# Doradenfilet vom Grill



## Honeyball (22. Juni 2008)

Gestern hatten wir die Idee, mal wieder Fisch statt Fleisch zu grillen. Da aber gerade nix Frisches vorrätig war und am Samstagnachmittag auch nichts zu bekommen war, was sich an das Wasser wenigstens noch erinnern konnte, haben wir der Einfachheit halber gefrorene Doradenfilets mit Haut gekauft. Diese tauen bei den aktuellen Temperaturen schnell und problemlos auf, wenn man sie mal kurz mit warmen Wasser abspült und trockentupft.

Zutaten (für 1000g Doradenfilets):
1 Rolle fertige Zitronenbutter
2 Knoblauchzehen
ca. 1/8 Liter trockener Weißwein (Müller-Thurgau aus Franken war's diesmal)
1 Salbeiblatt
etwas frische Petersilie
Salz, Pfeffer

Die Zitronenbutter etwas erwärmen, die 2 gepressten Knoblauchzehen, die gehackten Kräuter und etwas schwarzen Pfeffer hinzugeben. Mit dem Weißwein verrühren und mit wenig Salz abschmecken.
Die Doradenfilets auf Alufolie auslegen (Hautseite nach unten) und die Oberseite mit der vorbereiteten Masse einstreichen.
Die belegte Alufolie auf den richtig heißen Grill legen und solange grillen, bis die Buttermasse geschmolzen und die Fischoberseite gar ist (Gabelprobe!)
Im geschlossenen Lavastein-Gasgrill dauerte das gestern ca. 5-6 Minuten.
Auf dem offenen Grill sicherlich ein klein wenig länger.
Die unbehandelte Fischhaut brennt sich jetzt auf der Alufolie fest. Das fertig gegarte Fischfilet kann so mit einem Pfannenwender einfach von der Haut abgehoben und direkt auf die Teller gelegt werden.

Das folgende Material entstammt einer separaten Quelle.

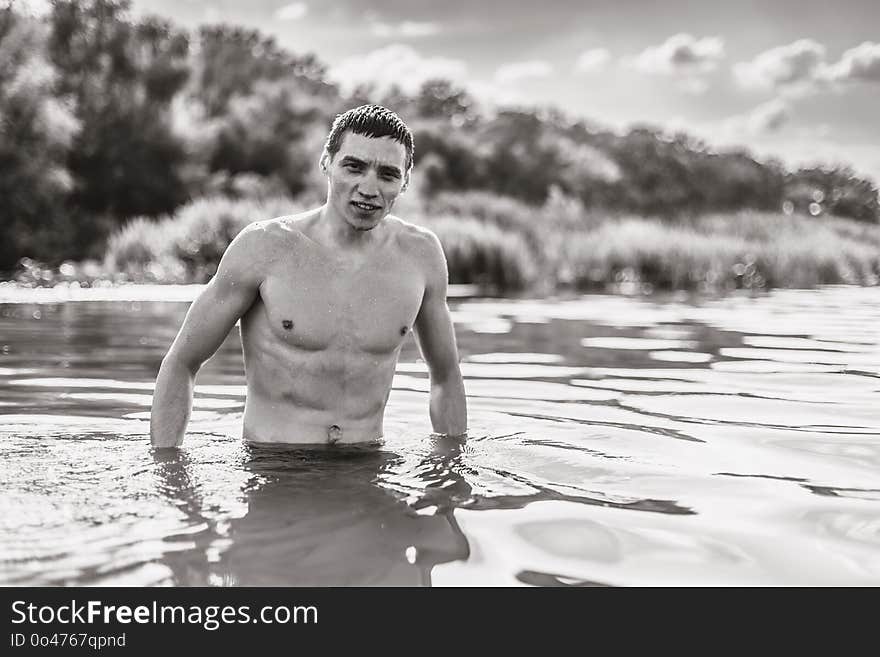Portrait of a handsome young man in the water. Monochrome old style photo.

Diese Technik dürfte auch mit anderen nicht zu dicken Filets mit Haut bestens funktionieren...


----------



## djoerni (22. Juni 2008)

*AW: Doradenfilet vom Grill*

das hört sich ja superlecker an!


----------



## alberto mattle (4. Juli 2008)

*AW: Doradenfilet vom Grill*

Hab ich gestern ausprobiert! Superlecker! Gruß aus Hamburg - Alberto Mattle


----------



## Pikepauly (4. Juli 2008)

*AW: Doradenfilet vom Grill*

Genauso machen wir es mit Zanderfilets.
Einfach und lecker!
Kann man nur empfehlen.


----------